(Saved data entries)
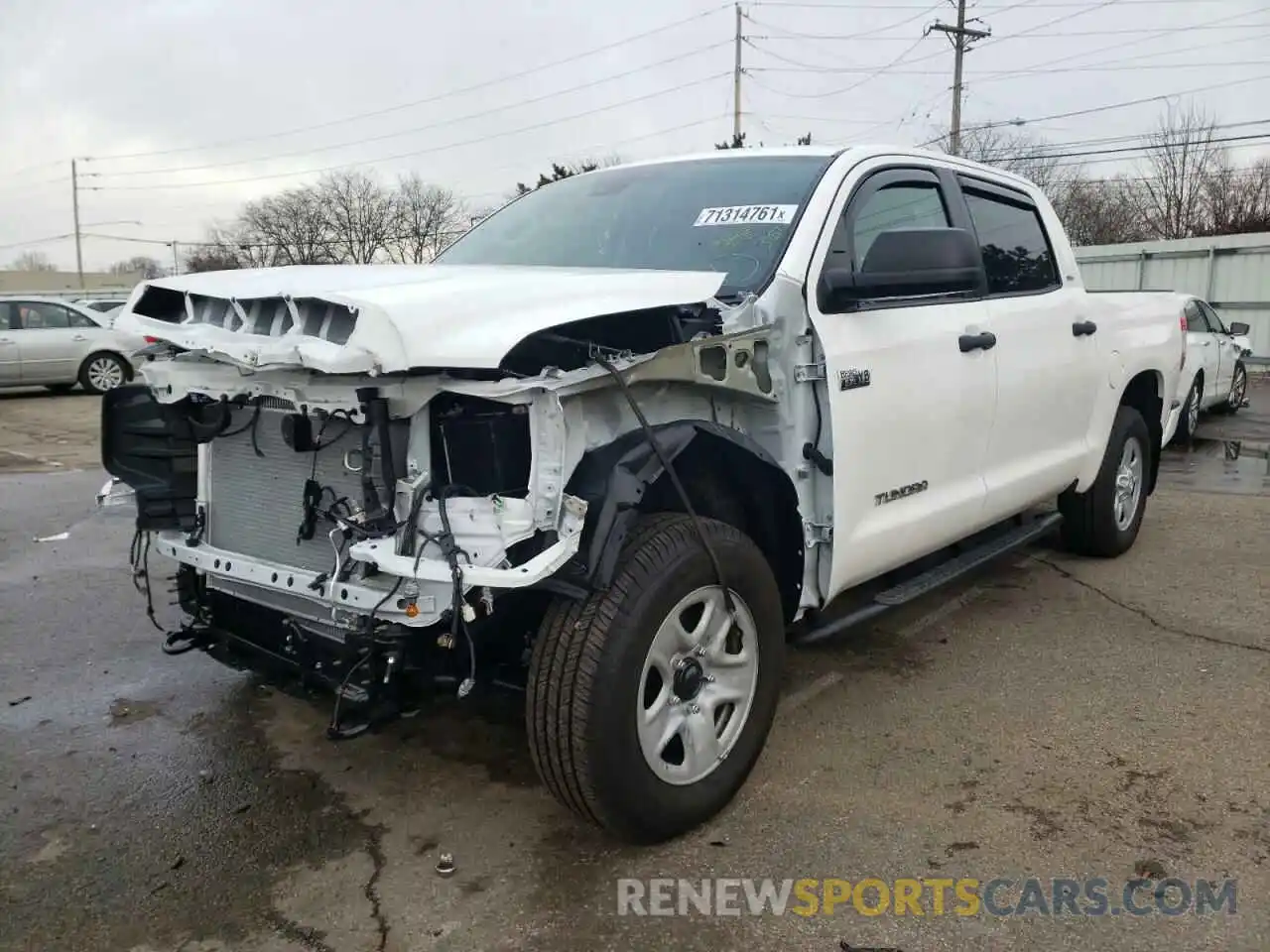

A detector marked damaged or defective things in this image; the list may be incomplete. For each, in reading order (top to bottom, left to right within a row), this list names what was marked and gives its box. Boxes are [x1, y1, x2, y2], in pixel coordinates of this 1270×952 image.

crumpled hood [123, 266, 730, 377]
damaged toyota tundra [104, 145, 1183, 845]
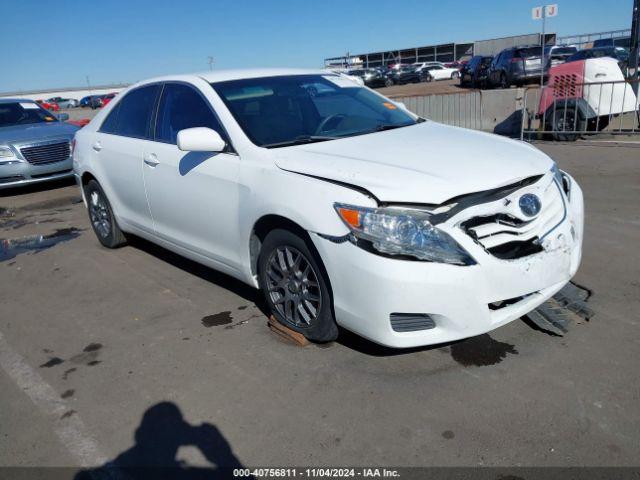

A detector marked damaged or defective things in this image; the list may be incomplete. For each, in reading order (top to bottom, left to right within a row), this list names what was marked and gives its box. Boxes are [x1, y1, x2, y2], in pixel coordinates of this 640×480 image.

crumpled hood [0, 122, 79, 144]
crumpled hood [272, 122, 552, 204]
broken headlight [336, 201, 476, 264]
damaged front bumper [312, 171, 584, 346]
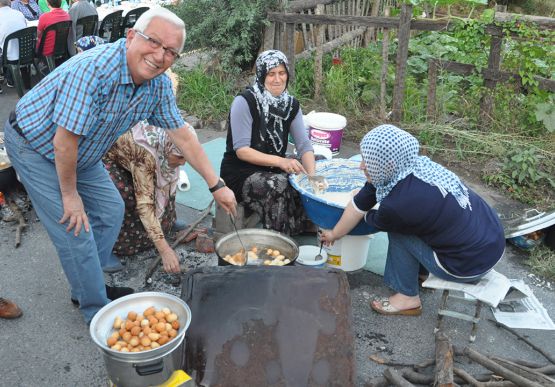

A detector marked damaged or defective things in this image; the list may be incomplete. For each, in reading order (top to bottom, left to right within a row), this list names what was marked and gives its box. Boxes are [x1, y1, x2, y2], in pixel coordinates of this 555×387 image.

rusty metal sheet [182, 266, 356, 387]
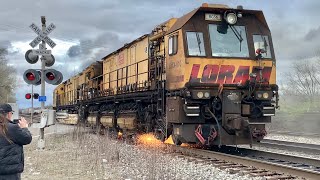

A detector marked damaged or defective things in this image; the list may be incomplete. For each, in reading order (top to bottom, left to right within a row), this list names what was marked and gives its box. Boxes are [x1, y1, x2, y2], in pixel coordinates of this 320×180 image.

rusty train body [53, 3, 278, 146]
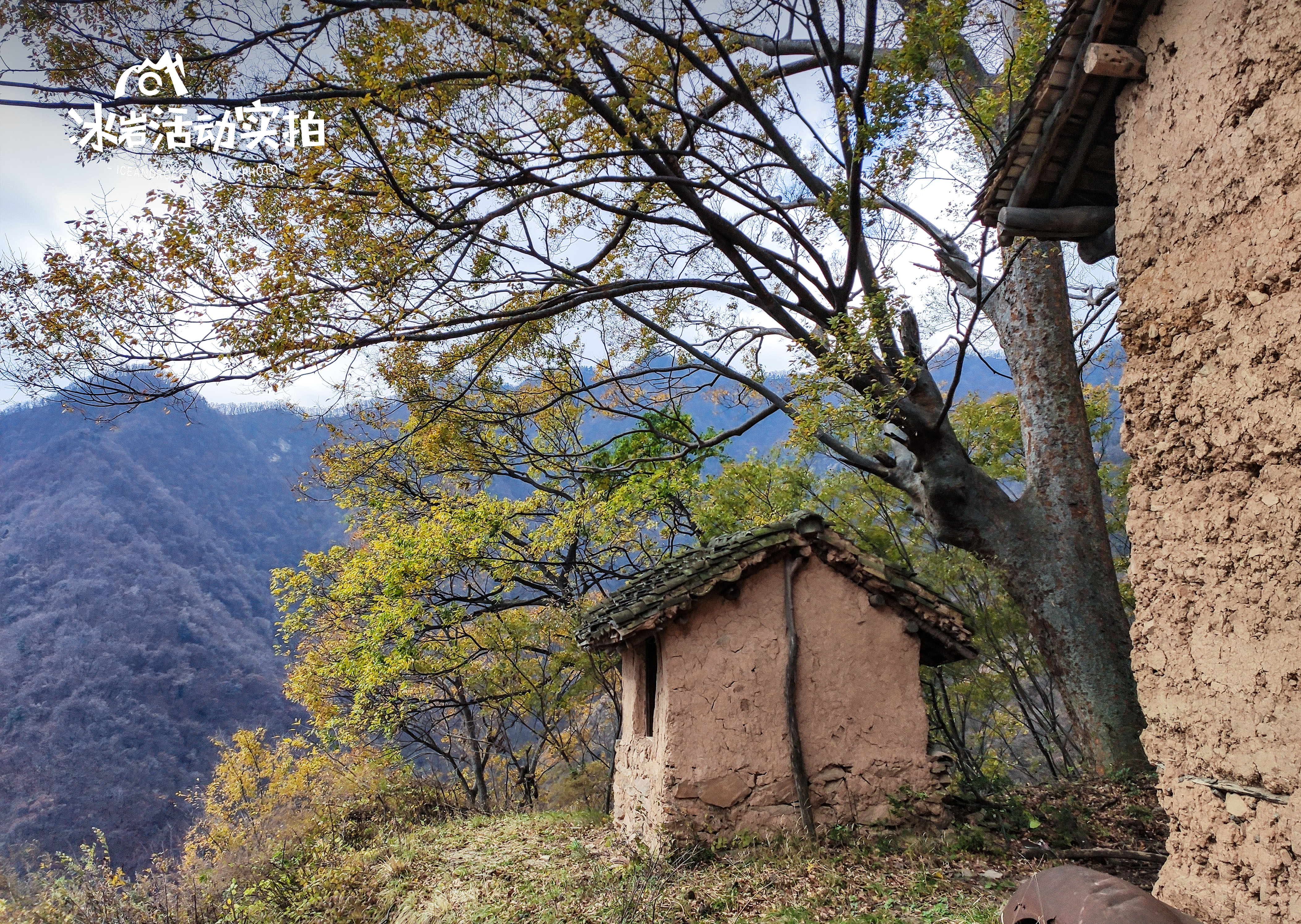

Work task
Where a line contains "this 640×480 image.", begin there and transcribe every line through the last one of the records above, exactly and with no pictures.

Answer section
A detector marked damaged or defective things in this image; the list may be incomplete. For each, in reading order (top to bottom, left to right within a row), this list names what was marked and gives its box. Boxes are [x1, y1, x2, y2], in pixel coordinates of this 640×480 image.

crumpled hood [0, 122, 79, 144]
crumpled hood [272, 122, 552, 204]
broken headlight [336, 201, 476, 264]
damaged front bumper [312, 171, 584, 346]

A detector marked damaged or defective things in this image; the list may be incomplete. For each, in reading order (top to bottom, left to right within a row), this list names what was marked and gives its box. Boxes are [x1, y1, x2, y2], in pixel coordinates of this 555×387 image.

rusty metal sheet [182, 266, 356, 387]

A detector marked damaged or defective things in this image; the list may be incomplete. For each, in reading order (top to bottom, left to right within a row), this list names what was marked and gives its box. Boxes are [x1, y1, x2, y2], in pixel coordinates of this 320×180 image.

rusty train body [53, 3, 278, 146]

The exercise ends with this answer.